Material supplied →
* * * * * * * * *
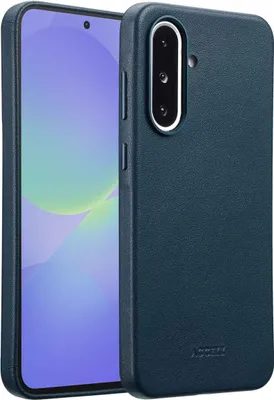 Zdjęcie produktu dla Accezz MagSafe Leather Backcover dla Samsung Galaxy A36 / A56 - Nightfall Blue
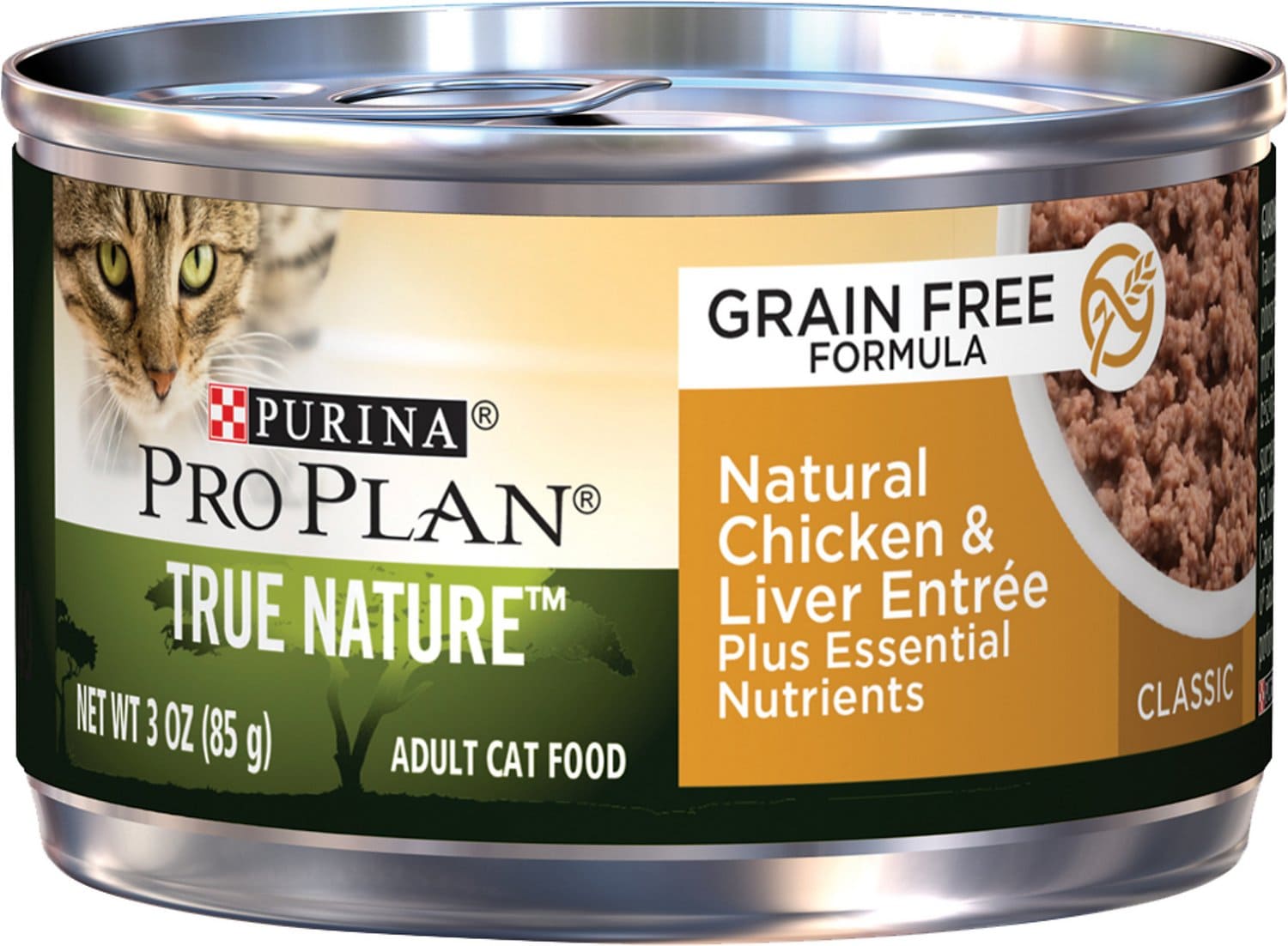 Purina Pro Plan True Nature Entré Classic 24 x 3 oz can Natural Chicken & Liver 1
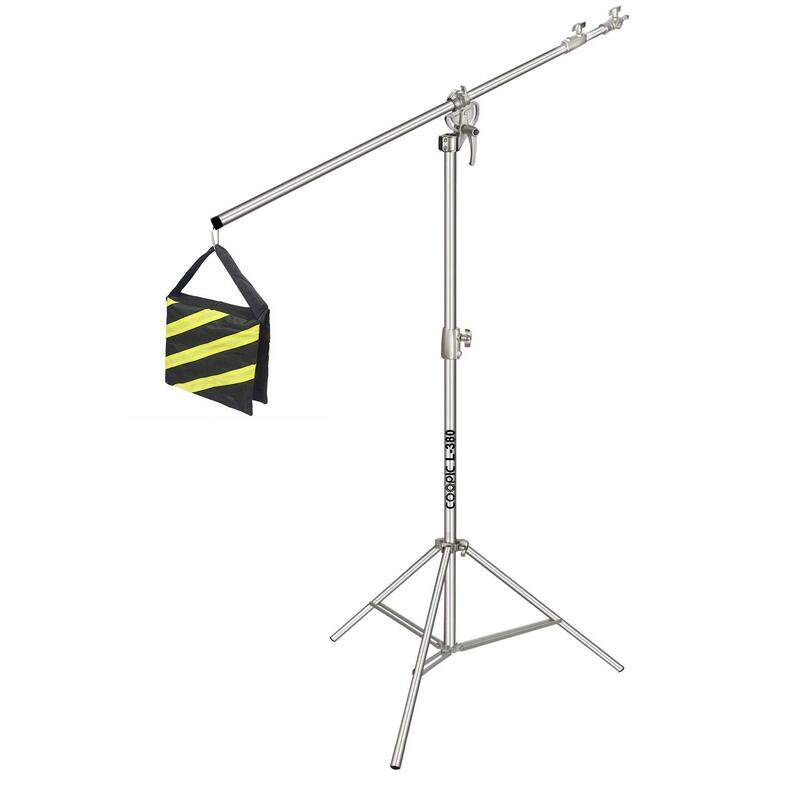 Generic Coopic L380 Stainless Steel Photo Studio Two way Light Stand, Silver
Generic Coopic L380 Stainless Steel Photo Studio Two way Light Stand, Silver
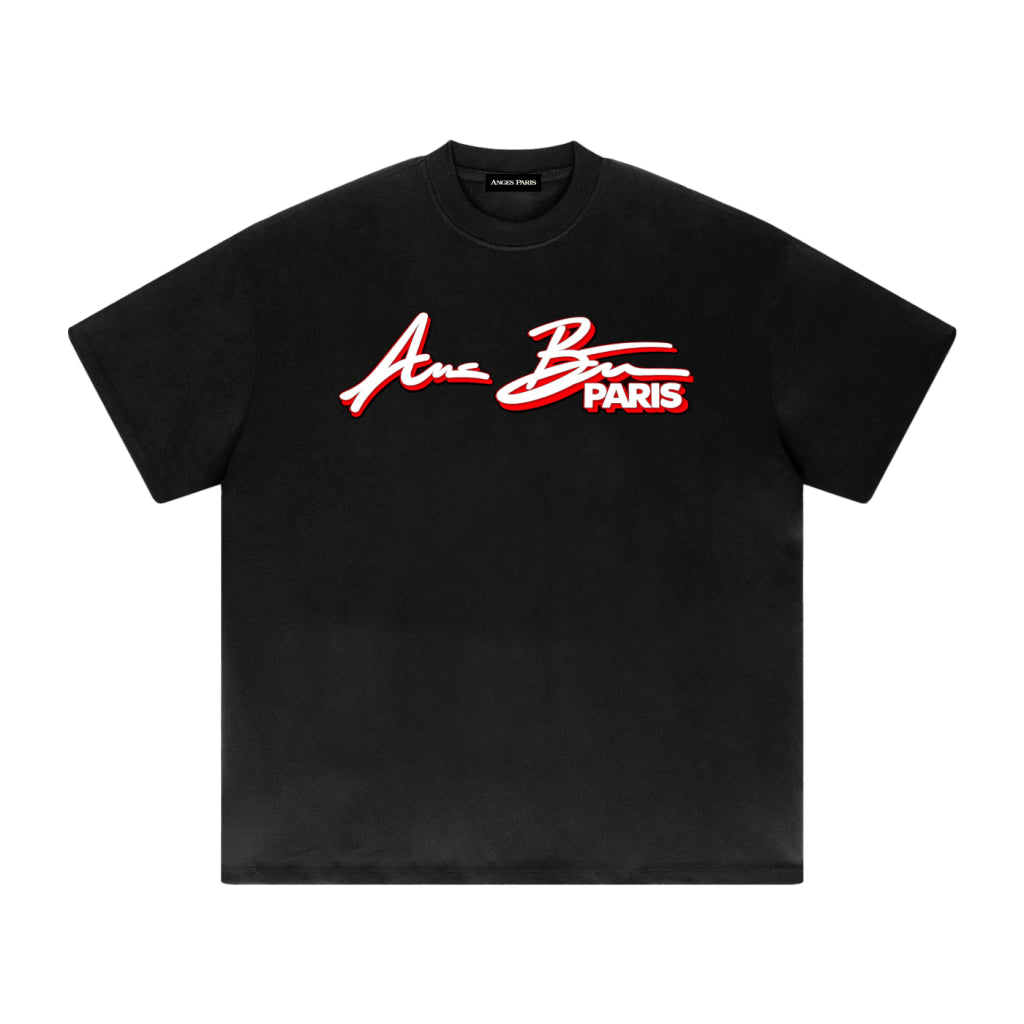 425 GSM Anges Beton Badge Heavyweight T-Shirt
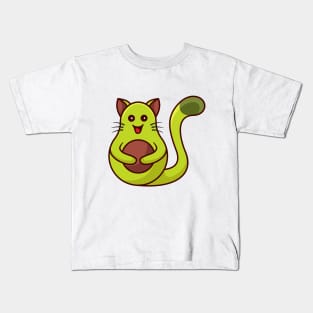 Avocado and cat Kids T-Shirt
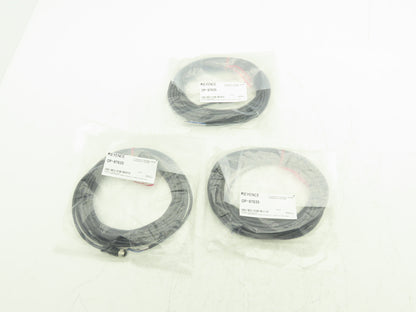 Keyence OP-87635 Connector Cable M12 Straight 10M Length  Lot of 3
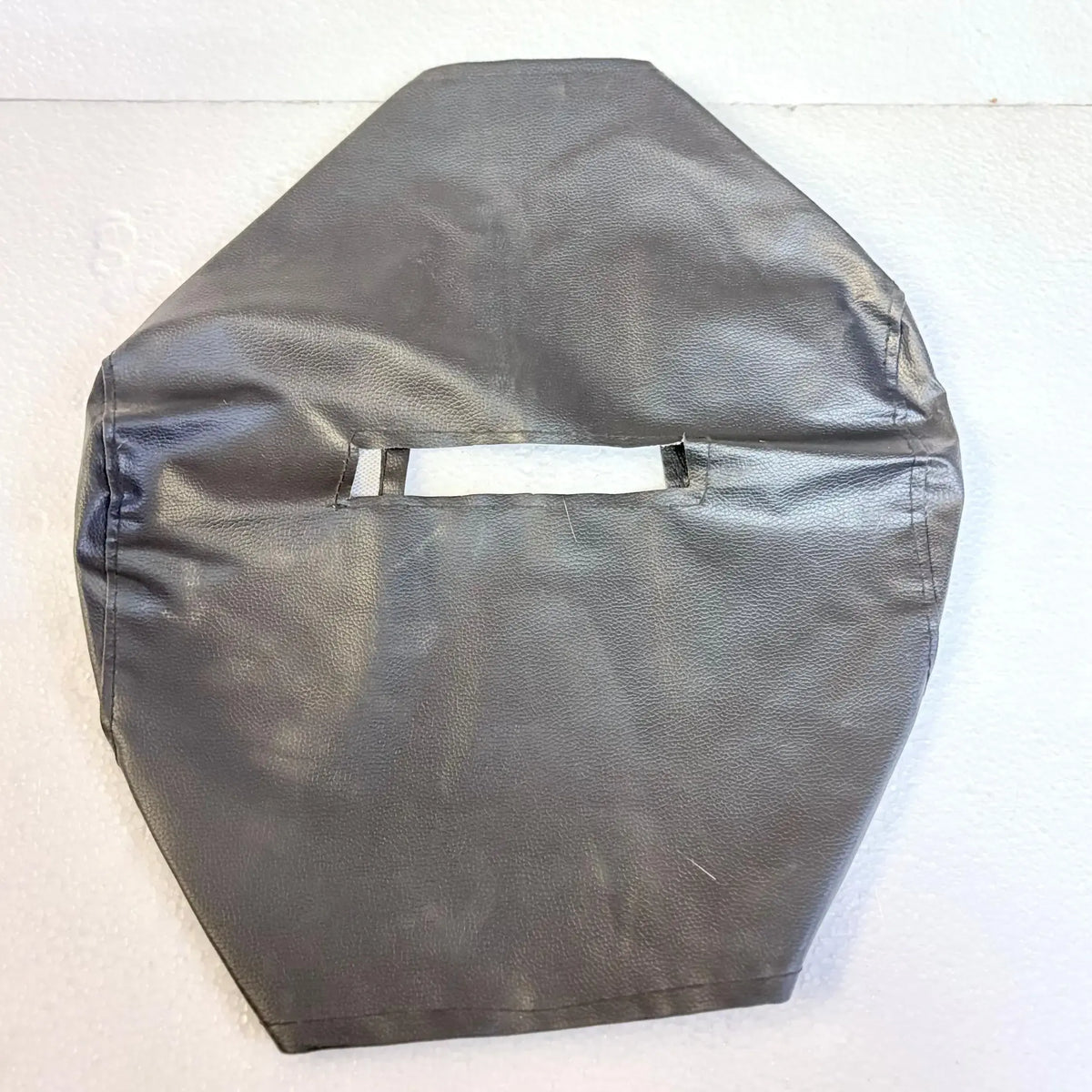 Braille typewriter dust cover made from premium leather for long-term machine protection and safe storage, RR Typewriter Mart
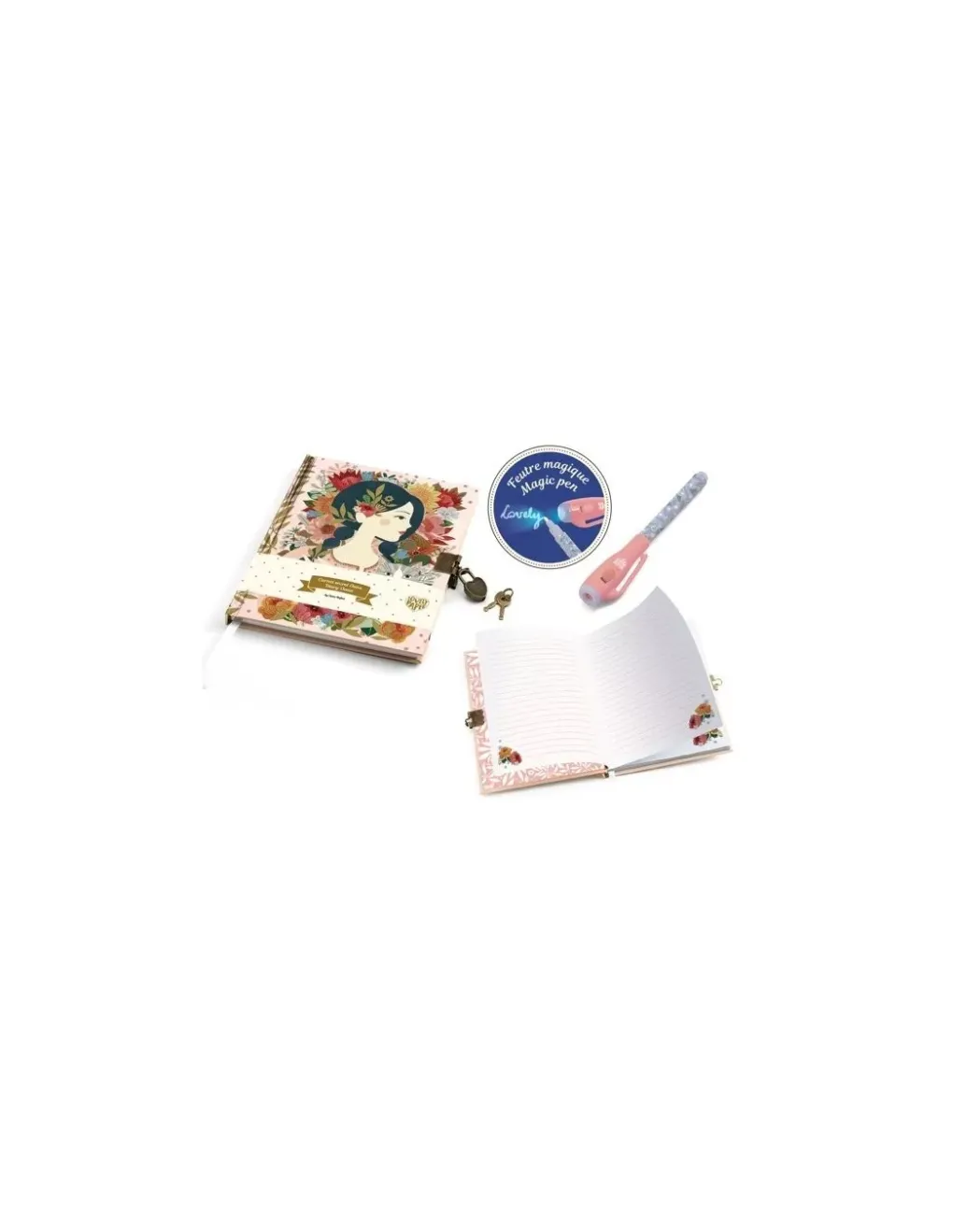 Lovely Paper by Djeco Carnet secret avec feutre magique Oana - Djeco Online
* * * * * * * * *
About this exercise → Output nothing but the records above, word for word, with the pictures removed.

Solution to the exercise →
 Zdjęcie produktu dla Accezz MagSafe Leather Backcover dla Samsung Galaxy A36 / A56 - Nightfall Blue
 Purina Pro Plan True Nature Entré Classic 24 x 3 oz can Natural Chicken & Liver 1
 Generic Coopic L380 Stainless Steel Photo Studio Two way Light Stand, Silver
Generic Coopic L380 Stainless Steel Photo Studio Two way Light Stand, Silver
 425 GSM Anges Beton Badge Heavyweight T-Shirt
 Avocado and cat Kids T-Shirt
 Keyence OP-87635 Connector Cable M12 Straight 10M Length  Lot of 3
 Braille typewriter dust cover made from premium leather for long-term machine protection and safe storage, RR Typewriter Mart
 Lovely Paper by Djeco Carnet secret avec feutre magique Oana - Djeco Online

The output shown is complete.